Stava fingendo anche per loro , per non farle soffrire.
-Tom , l’orario delle visite scade tra due ore , ti conviene sbrigarti-
-Certo…- sussultò.
-Ah Tom , le chiavi dell’audi sono nella stanza delle gemelle-
-Grazie Evi. Grazie di tutto- dicendolo si sentì un vero schifo.
Di tutti i suoni , i rumori , che aveva sentito , quel fischio a intermittenza era senza dubbio il più brutto.
Non perché fosse assordante , ma perché era sempre più flebile e segnava la vita del fratello che pian piano giungeva al termine.
Inoltre , in quella stanza , vi era anche il respiratore artificiale che , tramite una pompa in plastica chiusa in una teca , aspirava e espirava l’aria , gonfiando e sgonfiando il gracile petto di Bill.
Era sempre stato un ragazzo magro e , con il coma , stava quasi per rasentare l’anoressia.
Aveva visto il suo viso rigato dalle lacrime , illuminato da un sorriso o contratto in una smorfia di delusione , ma mai in quello stato : bianco , dagli zigomi lividi e solcati da tagli ricuciti.
Non era suo fratello quello.
Era un morto che volevano spacciare per vivo.
Era una truffa.
-Bill…- si sedette allo sgabello prendendogli delicatamente la fredda mano. –Le cose stanno andando bene sai? Lo so , ti conosco , non devi preoccuparti per noi ; devi solo lottare , superare anche questa e so che ci riuscirai-
La testa riprese a pulsare e una forte astinenza si impossessò della sua mente.

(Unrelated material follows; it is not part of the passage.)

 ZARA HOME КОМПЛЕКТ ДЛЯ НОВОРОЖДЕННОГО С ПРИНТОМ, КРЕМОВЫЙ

Doveva fumare ma non si poteva in ospedale.
-Maledizione- lasciò libera la mano del fratello e si portò la sua in fronte. Era calda ma non aveva la febbre.
Si alzò dallo sgabello e iniziò a camminare nervosamente per tutta la piccola e fredda stanza.

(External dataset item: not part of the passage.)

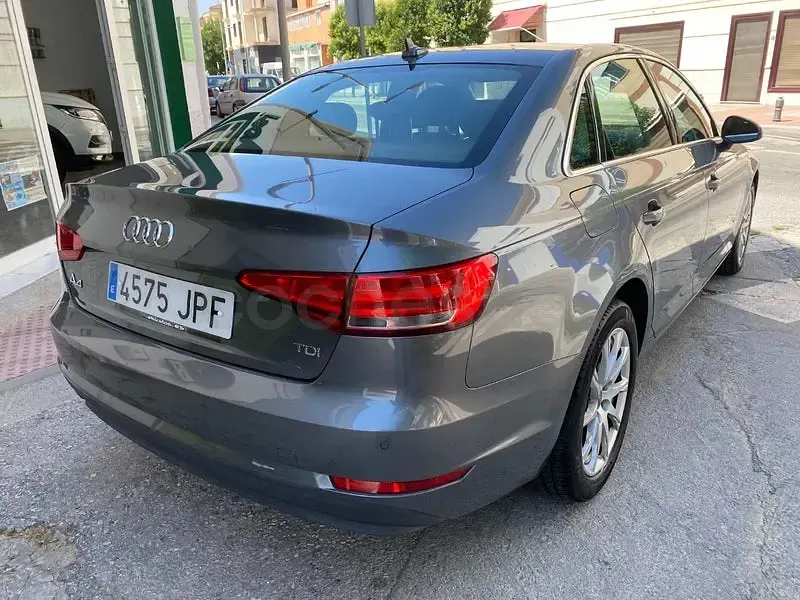 Usado Audi A4 Advanced 150 CV (110 kW) 2016 Gris / plata Berlina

Accidentalmente incrociò il suo riflesso in uno specchio vicino alla finestra.
Come si era ridotto? Il suo viso stanco e le occhiaie , segno delle sue notti insonni , erano inguardabili.

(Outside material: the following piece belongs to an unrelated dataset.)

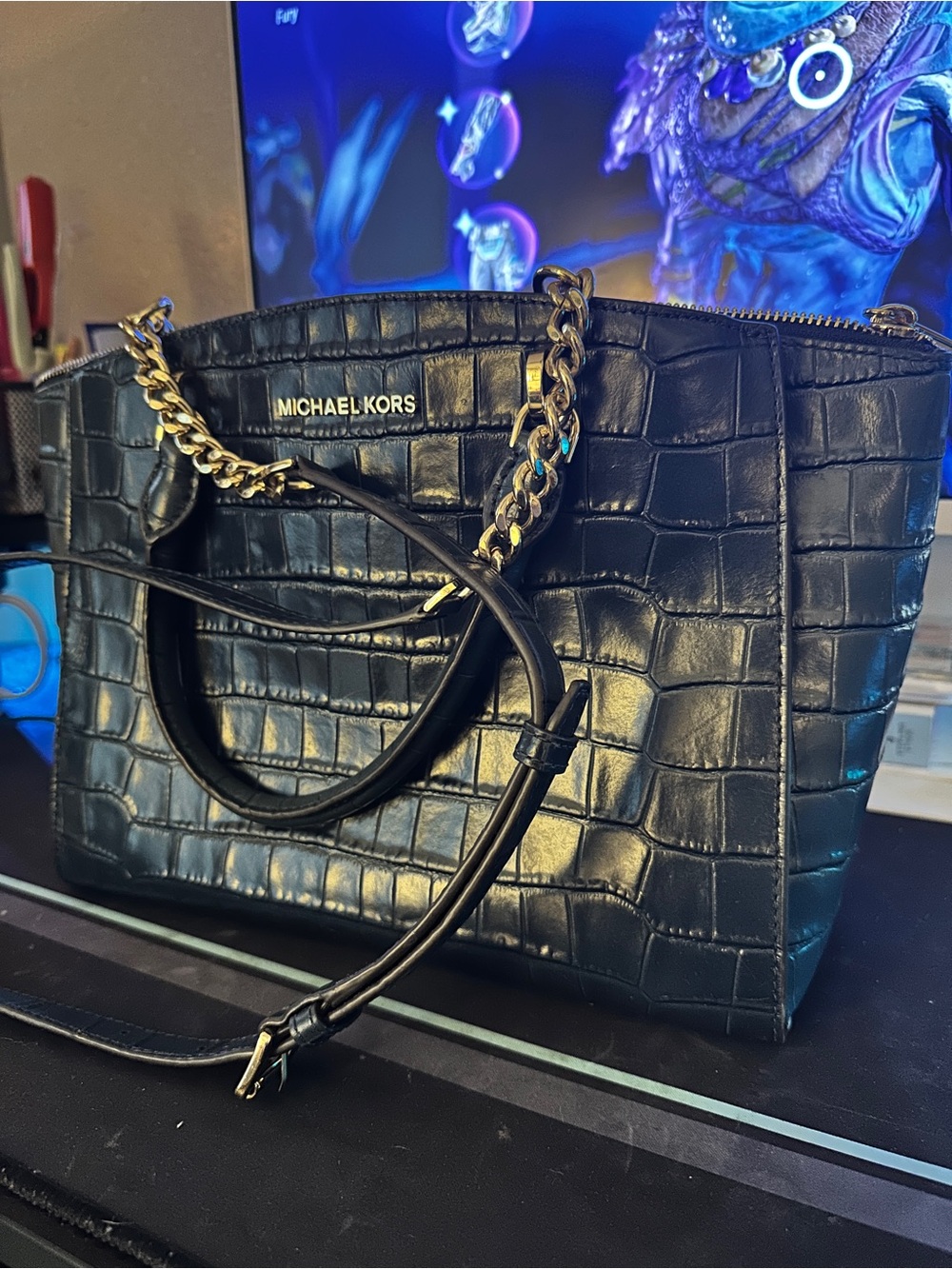 NWOT Michael Kors Croc Embossed Leather Bag Black Gold Chain Shoulder Crossbody - Picture 5 of 16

Ma una cosa , maggiormente , risaltava sulla sua pelle sempre perfetta : i suoi occhi lucidi e rossastri.
Gli occhi di un tossico.
Sospirò passandosi una mano un viso. –Ma che sto dicendo Bill- mormorò –Le cose non vanno bene per niente. Tutto sta andando a puttane! La mamma rischia di cadere in depressione , Evi non mangia da giorni , le gemelle si chiedono quando ritornerai e io? Io mi sto lasciando andare , ti sto soltanto deludendo-
Non poteva continuare così , non doveva lasciarsi trascinare dalla droga e dalla sofferenza in quella fossa buia e mortale.
Non voleva e non poteva.
Bill si sarebbe risvegliato , lui sarebbe tornato a casa.
Perché? Perché si erano fatti la promessa di morire insieme e Bill non era un bugiardo.
-Hai ragione fratellino- era come se quel ragionamento fosse stato fatto dal fratello , nonostante fosse immobile a letto –Devo riprendermi- si sedette nuovamente allo sgabello –Ti prometto che mi prenderò cura delle bambine , di Evi e della mamma , fino al tuo ritorno.- gli prese la mano , sentì gli occhi gonfiarsi di lacrime –Mi hai sentito? Fino al tuo ritorno-
Si asciugò le lacrime prima ancora che queste potessero solcargli il viso e morire sulle labbra.
Avrebbe mantenuto la promessa ma , prima , gli occorreva un’ultima dose di droga.